When I first learned General Relativity, the tetrad formalism was introduced with near simultaneity. I was immediately taught that, to utilize spinors in any way, I had to formulate a local orthonormal frame. I learned to live with that just fine.

Lately, I've been coming across references and methods for utilizing spinors in curved spaces (and oblique coordinates to put it crudely). First I was reading a paper and found references to a paper:

Ogievetskii, V.I. & Polubarinov, I.V.. (1965). ON SPINORS IN GRAVITATION THEORY. Zh. Eksperim. i Teor. Fiz.. Vol: 48.

Where they talk about the no-go theorem only applying to spinors when a linear connection is used. There are quite a few more recent papers talking about utilizing spinors in curved spacetime without tetrads because they're using a nonlinear connection. here and here for instance.

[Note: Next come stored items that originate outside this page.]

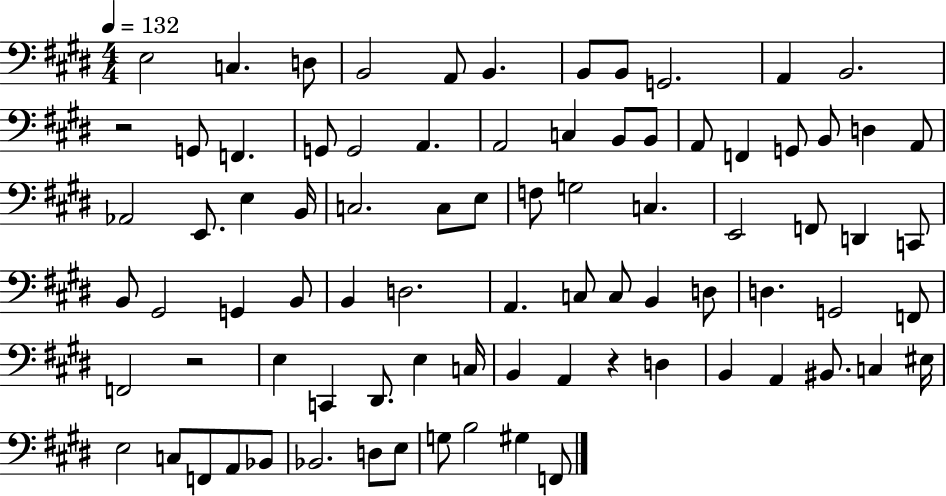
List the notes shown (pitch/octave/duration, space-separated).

E3/h C3/q. D3/e B2/h A2/e B2/q. B2/e B2/e G2/h. A2/q B2/h. R/h G2/e F2/q. G2/e G2/h A2/q. A2/h C3/q B2/e B2/e A2/e F2/q G2/e B2/e D3/q A2/e Ab2/h E2/e. E3/q B2/s C3/h. C3/e E3/e F3/e G3/h C3/q. E2/h F2/e D2/q C2/e B2/e G#2/h G2/q B2/e B2/q D3/h. A2/q. C3/e C3/e B2/q D3/e D3/q. G2/h F2/e F2/h R/h E3/q C2/q D#2/e. E3/q C3/s B2/q A2/q R/q D3/q B2/q A2/q BIS2/e. C3/q EIS3/s E3/h C3/e F2/e A2/e Bb2/e Bb2/h. D3/e E3/e G3/e B3/h G#3/q F2/e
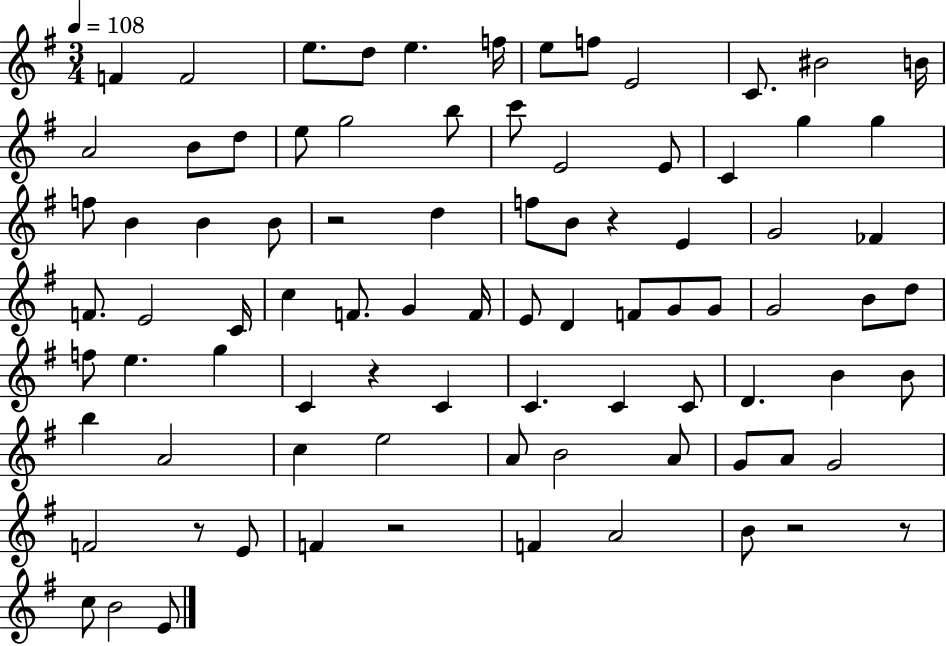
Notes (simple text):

F4/q F4/h E5/e. D5/e E5/q. F5/s E5/e F5/e E4/h C4/e. BIS4/h B4/s A4/h B4/e D5/e E5/e G5/h B5/e C6/e E4/h E4/e C4/q G5/q G5/q F5/e B4/q B4/q B4/e R/h D5/q F5/e B4/e R/q E4/q G4/h FES4/q F4/e. E4/h C4/s C5/q F4/e. G4/q F4/s E4/e D4/q F4/e G4/e G4/e G4/h B4/e D5/e F5/e E5/q. G5/q C4/q R/q C4/q C4/q. C4/q C4/e D4/q. B4/q B4/e B5/q A4/h C5/q E5/h A4/e B4/h A4/e G4/e A4/e G4/h F4/h R/e E4/e F4/q R/h F4/q A4/h B4/e R/h R/e C5/e B4/h E4/e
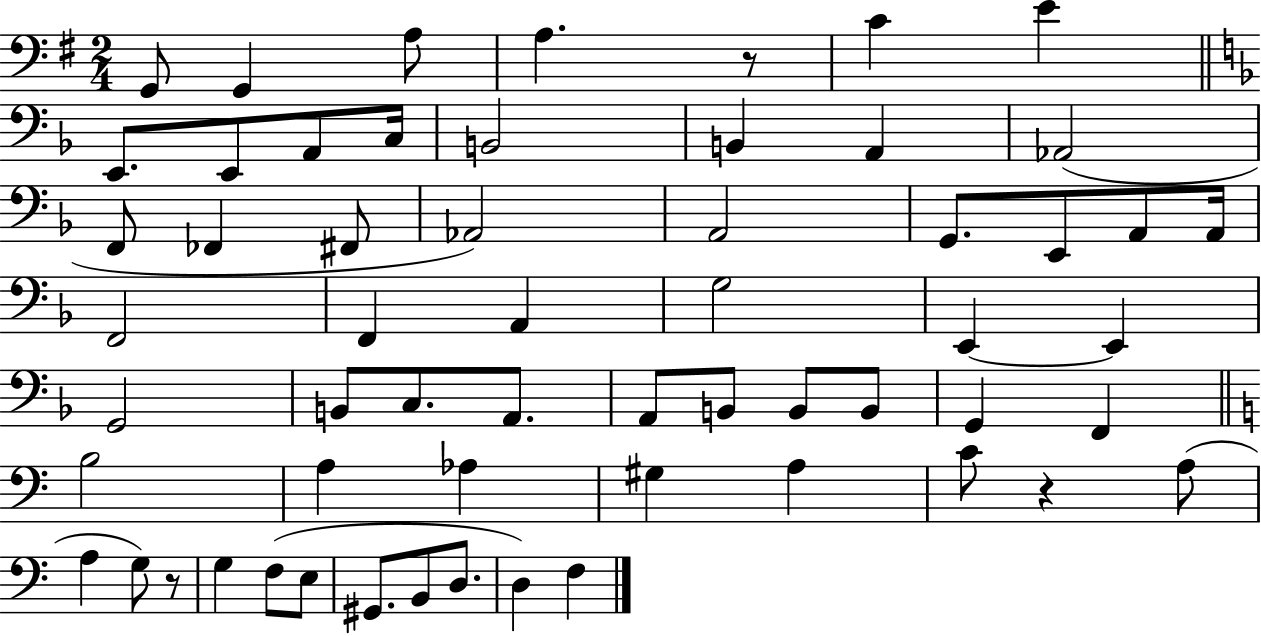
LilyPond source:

{
  \clef bass
  \numericTimeSignature
  \time 2/4
  \key g \major
  g,8 g,4 a8 | a4. r8 | c'4 e'4 | \bar "||" \break \key d \minor e,8. e,8 a,8 c16 | b,2 | b,4 a,4 | aes,2( | \break f,8 fes,4 fis,8 | aes,2) | a,2 | g,8. e,8 a,8 a,16 | \break f,2 | f,4 a,4 | g2 | e,4~~ e,4 | \break g,2 | b,8 c8. a,8. | a,8 b,8 b,8 b,8 | g,4 f,4 | \break \bar "||" \break \key a \minor b2 | a4 aes4 | gis4 a4 | c'8 r4 a8( | \break a4 g8) r8 | g4 f8( e8 | gis,8. b,8 d8. | d4) f4 | \break \bar "|."
}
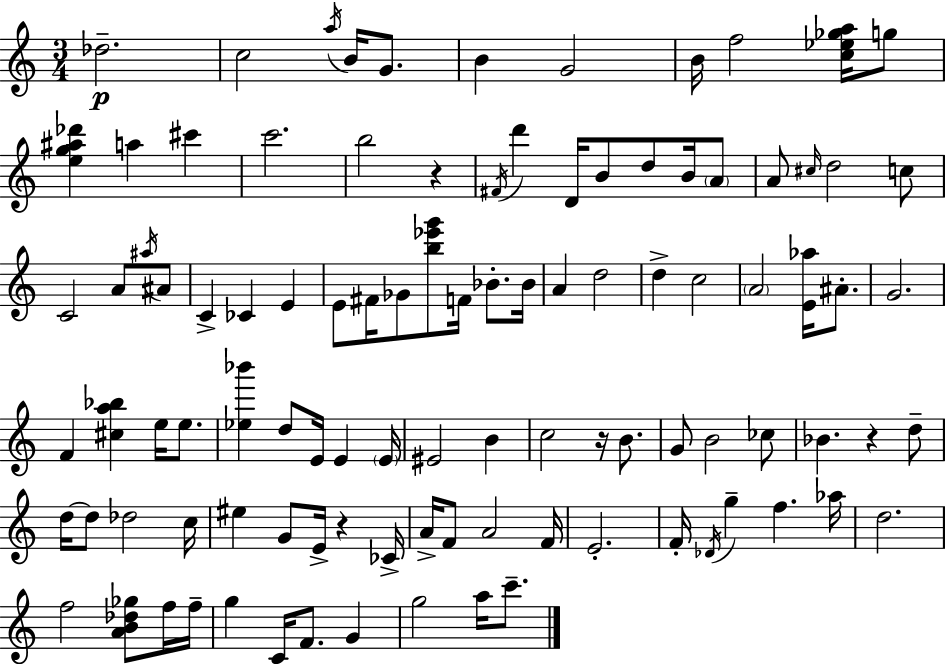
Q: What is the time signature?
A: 3/4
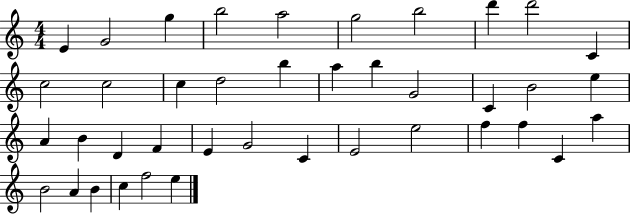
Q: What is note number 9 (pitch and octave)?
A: D6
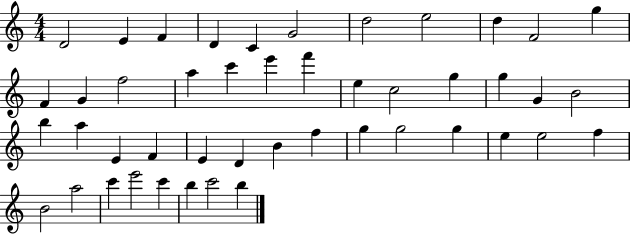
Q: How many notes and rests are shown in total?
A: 46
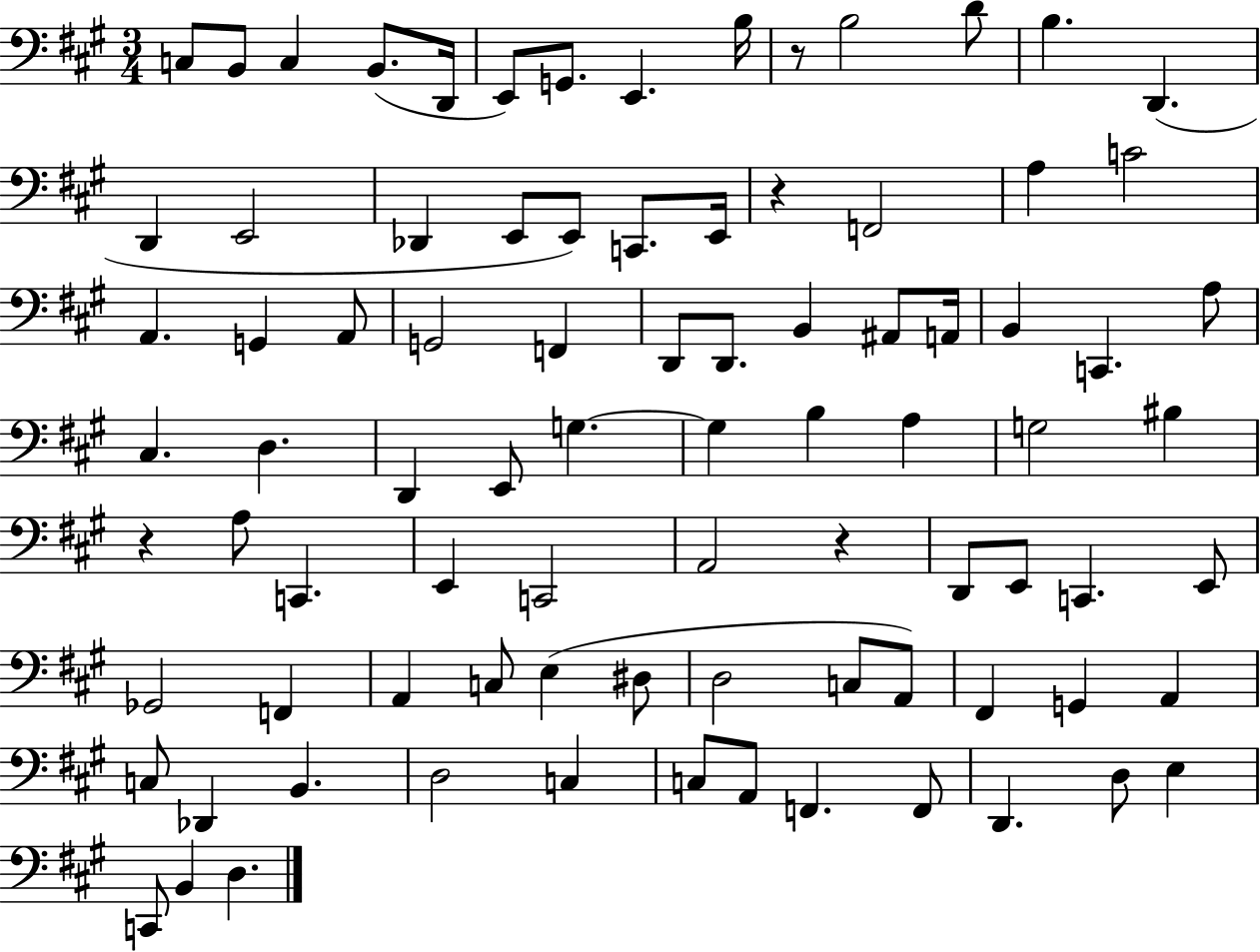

I now totally get that you can write a tetrad in Minkowski space in terms of a complex Dirac spinor (I'm still learning the Newman-Penrose formalism, but I think of it kind of as a null vector field); however, the idea of utilizing them in full curved space? I've seen nonlinear connections used in other contexts so it seems kosher to me. Can someone straighten me out on this? Do we really need tetrads?

Answer 1

Tetrads are used to reformulate gravity as a gauge theory in the same way that the other forces are. The idea is that we know how to quantise such gauge theories, and the idea is to use a similar strategy to tackle the quantisation of gravity.

The no-go theorem doesn't apply to connections. Spinors can't always be introduced on a manifold, to do so we require a spin structure, and only certain manifolds allow this, such manifolds are called spin manifolds.